The costs of harming Qualcomm
Judge’s decision in antitrust suit could undermine national security
As the U.S. and China careen toward an increasingly adversarial relationship, a national security question looms: Can our country maintain leadership developing, using and deploying key technologies such as 5G, artificial intelligence and robotics? One important drama playing out in U.S. District Court in San Jose will help answer that question for 5G, the foundation of many other new technologies, in which the Sino-American contest is proxied by corporate entities — Huawei for China and San Diego-based Qualcomm for the United States.
Qualcomm stands accused by the Federal Trade Commission, with the active support of Apple and key testimony by Huawei, of overcharging for its industry-founding intellectual property backed by the alleged threat to withhold its industryleading microprocessor chips.
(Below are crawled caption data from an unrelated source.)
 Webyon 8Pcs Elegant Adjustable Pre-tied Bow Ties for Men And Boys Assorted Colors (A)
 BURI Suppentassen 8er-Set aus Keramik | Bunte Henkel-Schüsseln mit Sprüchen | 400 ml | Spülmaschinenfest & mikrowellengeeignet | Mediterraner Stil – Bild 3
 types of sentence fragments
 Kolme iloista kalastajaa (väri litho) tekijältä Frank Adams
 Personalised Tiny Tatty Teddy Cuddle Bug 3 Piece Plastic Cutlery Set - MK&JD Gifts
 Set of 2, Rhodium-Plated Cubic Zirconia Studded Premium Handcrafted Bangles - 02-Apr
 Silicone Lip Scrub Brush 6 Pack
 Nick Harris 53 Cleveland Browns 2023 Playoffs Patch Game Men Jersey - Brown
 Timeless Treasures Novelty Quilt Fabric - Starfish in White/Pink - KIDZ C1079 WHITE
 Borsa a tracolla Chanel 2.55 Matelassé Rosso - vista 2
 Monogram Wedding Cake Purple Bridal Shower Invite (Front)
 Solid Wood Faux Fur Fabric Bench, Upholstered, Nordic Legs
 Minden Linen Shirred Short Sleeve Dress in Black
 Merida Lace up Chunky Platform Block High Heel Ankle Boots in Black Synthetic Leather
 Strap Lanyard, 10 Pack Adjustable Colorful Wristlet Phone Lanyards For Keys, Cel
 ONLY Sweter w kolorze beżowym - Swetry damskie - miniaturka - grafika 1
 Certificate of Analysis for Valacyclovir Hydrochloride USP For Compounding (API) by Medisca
If Judge Lucy H. Koh’s ruling, which could happen soon, goes against Qualcomm, a harmful blow could be dealt to the California tech company that has powered the United States’ global competitiveness in wireless technology.
Qualcomm, one of America’s most innovative companies, delivers the technologies underneath many of the smartphone features that consumers value and appreciate most, such as fast data rates, mobile video, GPS navigation, location tracking and more. A very large patent portfolio underpins, and protects, Qualcomm’s vast investment in those technologies.
From its early days, Qualcomm followed the industrystandard practice of licensing these technologies to devicemakers. Later, after Qualcomm started developing chips, Qualcomm adopted industrywide licensing practices that resulted in a reasonable policy that a user of its intellectual property, such as a device-maker, must have a Qualcomm patent portfolio license to buy Qualcomm chips. It is to this practice that the FTC has objected, claiming that Qualcomm’s business model is anti-competitive.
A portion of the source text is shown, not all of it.